### Directions
Retype, word for word, each line between the lines holding "MAIORIA COM IDADE" and "blue diamond brush cutter diagram", inclusive, and leave the rest of the data alone.

### Data records

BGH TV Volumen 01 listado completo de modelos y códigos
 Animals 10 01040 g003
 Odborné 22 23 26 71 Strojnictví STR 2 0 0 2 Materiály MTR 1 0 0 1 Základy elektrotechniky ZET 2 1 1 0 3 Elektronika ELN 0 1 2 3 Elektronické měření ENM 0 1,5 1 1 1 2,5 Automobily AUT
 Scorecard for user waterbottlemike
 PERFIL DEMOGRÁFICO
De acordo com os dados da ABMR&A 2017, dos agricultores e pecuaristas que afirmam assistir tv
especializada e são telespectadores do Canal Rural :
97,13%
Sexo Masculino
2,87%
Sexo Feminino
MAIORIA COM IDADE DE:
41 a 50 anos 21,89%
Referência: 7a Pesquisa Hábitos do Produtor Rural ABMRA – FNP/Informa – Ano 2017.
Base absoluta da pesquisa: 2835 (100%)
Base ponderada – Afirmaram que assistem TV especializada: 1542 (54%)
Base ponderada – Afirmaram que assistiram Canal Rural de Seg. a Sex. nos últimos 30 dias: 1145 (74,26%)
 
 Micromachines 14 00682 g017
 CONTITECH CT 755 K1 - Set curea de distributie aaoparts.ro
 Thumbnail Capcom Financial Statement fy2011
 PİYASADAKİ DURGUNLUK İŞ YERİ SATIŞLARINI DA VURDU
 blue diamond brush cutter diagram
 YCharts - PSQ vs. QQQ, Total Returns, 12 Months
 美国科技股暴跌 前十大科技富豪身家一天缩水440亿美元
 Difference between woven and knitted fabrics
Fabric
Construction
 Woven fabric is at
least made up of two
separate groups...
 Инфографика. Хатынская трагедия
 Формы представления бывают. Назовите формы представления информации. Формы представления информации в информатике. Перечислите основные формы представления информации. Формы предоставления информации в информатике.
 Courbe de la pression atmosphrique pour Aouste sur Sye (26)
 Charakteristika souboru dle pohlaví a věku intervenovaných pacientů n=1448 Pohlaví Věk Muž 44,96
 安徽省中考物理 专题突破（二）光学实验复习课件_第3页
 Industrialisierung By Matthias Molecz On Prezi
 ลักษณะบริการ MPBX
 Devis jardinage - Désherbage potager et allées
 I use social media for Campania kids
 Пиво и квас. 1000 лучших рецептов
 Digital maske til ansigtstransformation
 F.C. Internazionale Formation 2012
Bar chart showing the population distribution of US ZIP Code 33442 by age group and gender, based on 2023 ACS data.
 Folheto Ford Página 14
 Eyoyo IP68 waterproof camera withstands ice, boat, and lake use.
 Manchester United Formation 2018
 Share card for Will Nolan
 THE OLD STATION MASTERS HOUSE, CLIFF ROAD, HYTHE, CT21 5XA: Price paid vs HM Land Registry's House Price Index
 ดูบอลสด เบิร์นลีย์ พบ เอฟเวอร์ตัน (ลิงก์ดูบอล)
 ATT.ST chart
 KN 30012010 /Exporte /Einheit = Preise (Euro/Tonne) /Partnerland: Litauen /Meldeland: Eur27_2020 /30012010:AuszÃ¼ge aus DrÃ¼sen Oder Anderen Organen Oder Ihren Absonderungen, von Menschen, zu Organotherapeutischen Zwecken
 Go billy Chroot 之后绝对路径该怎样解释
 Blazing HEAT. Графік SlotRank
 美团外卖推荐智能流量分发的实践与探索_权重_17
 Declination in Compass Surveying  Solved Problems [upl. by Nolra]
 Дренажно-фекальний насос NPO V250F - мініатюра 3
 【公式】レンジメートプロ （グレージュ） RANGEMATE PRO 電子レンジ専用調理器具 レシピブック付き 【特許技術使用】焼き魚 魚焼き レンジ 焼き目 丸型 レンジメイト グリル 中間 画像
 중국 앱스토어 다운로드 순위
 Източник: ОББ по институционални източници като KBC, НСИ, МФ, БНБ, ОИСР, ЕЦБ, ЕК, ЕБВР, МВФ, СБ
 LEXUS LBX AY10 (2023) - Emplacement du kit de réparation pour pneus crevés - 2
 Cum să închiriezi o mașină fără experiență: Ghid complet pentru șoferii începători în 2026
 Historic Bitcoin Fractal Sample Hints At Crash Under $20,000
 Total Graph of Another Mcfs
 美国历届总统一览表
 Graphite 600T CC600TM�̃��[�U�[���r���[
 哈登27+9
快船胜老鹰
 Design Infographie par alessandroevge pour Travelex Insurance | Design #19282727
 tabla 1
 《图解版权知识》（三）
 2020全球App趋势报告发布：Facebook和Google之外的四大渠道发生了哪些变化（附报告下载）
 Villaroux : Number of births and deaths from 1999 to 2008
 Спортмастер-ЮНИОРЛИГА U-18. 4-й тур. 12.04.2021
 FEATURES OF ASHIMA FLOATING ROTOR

### Task result
MAIORIA COM IDADE DE:
41 a 50 anos 21,89%
Referência: 7a Pesquisa Hábitos do Produtor Rural ABMRA – FNP/Informa – Ano 2017.
Base absoluta da pesquisa: 2835 (100%)
Base ponderada – Afirmaram que assistem TV especializada: 1542 (54%)
Base ponderada – Afirmaram que assistiram Canal Rural de Seg. a Sex. nos últimos 30 dias: 1145 (74,26%)
 
 Micromachines 14 00682 g017
 CONTITECH CT 755 K1 - Set curea de distributie aaoparts.ro
 Thumbnail Capcom Financial Statement fy2011
 PİYASADAKİ DURGUNLUK İŞ YERİ SATIŞLARINI DA VURDU
 blue diamond brush cutter diagram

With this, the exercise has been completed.